The work flow alternates between tasks performed in the lab and bioinformatics tasks where the CLC Workbench is used. First, DNA and RNA are extracted from samples taken from the evaporation ponds of the Guerrero Negro Saltern. Next, the CLC Workbench is used to design primers (described in details below) for the subsequent PCR amplification. Since the products of the PCR reactions are similar in size (bp), a denaturing gradient gel electrophoresis (DGGE) is performed, visualizing differences in the sequence of the products.
The PCR products are sequenced, and the resulting trace files are imported into the CLC Workbench where they are assembled (described in details below). Some of the genes are long, e.g. the dsrAB gene which is approximately 1900 bp, and therefore multiple sequence reactions have to be performed before the entire gene is covered.
Within the CLC Workbench, more bioinformatics analyses are performed: creation of phylogenetic trees, BLAST searches for similar sequences, and annotation of the new sequences.
In the end, by applying these bioinformatics tools to the samples from Guerrero Negro Saltern, the researchers have improved their knowledge about the microbes living in these communities. One more step has been taken in the effort to understand what life was like on early Earth which will indicate what to look for when trying to find life on other planets.
Zooming in on Assembly
The raw sequencing data (the reads) are imported into the CLC Workbench. They are assigned quality scores which are used to trim low-quality trace data so that the reads align properly. The quality scores are also shown graphically below the sequence (see the light green color in figure 4).

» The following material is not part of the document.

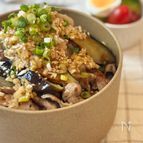 10分で完成！【なす豚ネギだれ丼】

Figure 4. Assembling to the reference. Gene annotations are visual aids when determining differences from the reference sequence (the blue annotation is the 16S gene).
The reads are both forward and reverse which is automatically detected during the assembly, and the orientation is reflected in the color of the reads.
The sequences used for primer design are used as reference when assembling the reads. The gene annotations on the sequences are used during the assembly process to determine where the genes start and end. Inconsistencies are highlighted and browsed through manually in order to see whether they are caused by sequencing errors or real differences in the sequence.
A table showing the inconsistencies between the reads is used both for getting an overview of the quality of the sequencing and for browsing the inconsistencies in a convenient way (see figure 5).

Figure 5: The conflicts are shown in a table.
Because some of the genes require multiple sequence reactions, there are a lot of reads to be assembled, but the graphical overview of traces and annotations in CLC Workbench makes it easy to work even with large quantities of data.
The result of the assembly is a contig sequence which is used in the following steps for alignments, phylogeny and BLAST searches.
Zooming in on BLAST search
A major part of the work when analyzing the assembled sequences is performing BLAST searches at the NCBI database. The BLAST search is conducted from within the CLC Workbench, eliminating the need for copying and pasting into a browser.
The search is performed on the entire database, but it is limited to bacteria in order to get results that are relevant for comparison. The BLAST search is used for functional and phylogenetic comparison of the sequenced organisms with known sequences from the database.
The result of a BLAST search is shown in figure 6.

Figure 6: The graphical display of the result of a BLAST search.
This graphical view is supplemented by a table with more detailed information on the search hits (description, E-value, etc) as shown in figure 7.

Figure 7: A table with detailed information about the result of a BLAST search.
The researcher examines the similarities between the sequences, and some of the sequences are downloaded and aligned with the data from Guerrero Negro. For the conserved regions, annotations are transferred to the sequenced data, providing valuable information for the next step in the analysis which is the functional and phylogenetic characterization of the organism.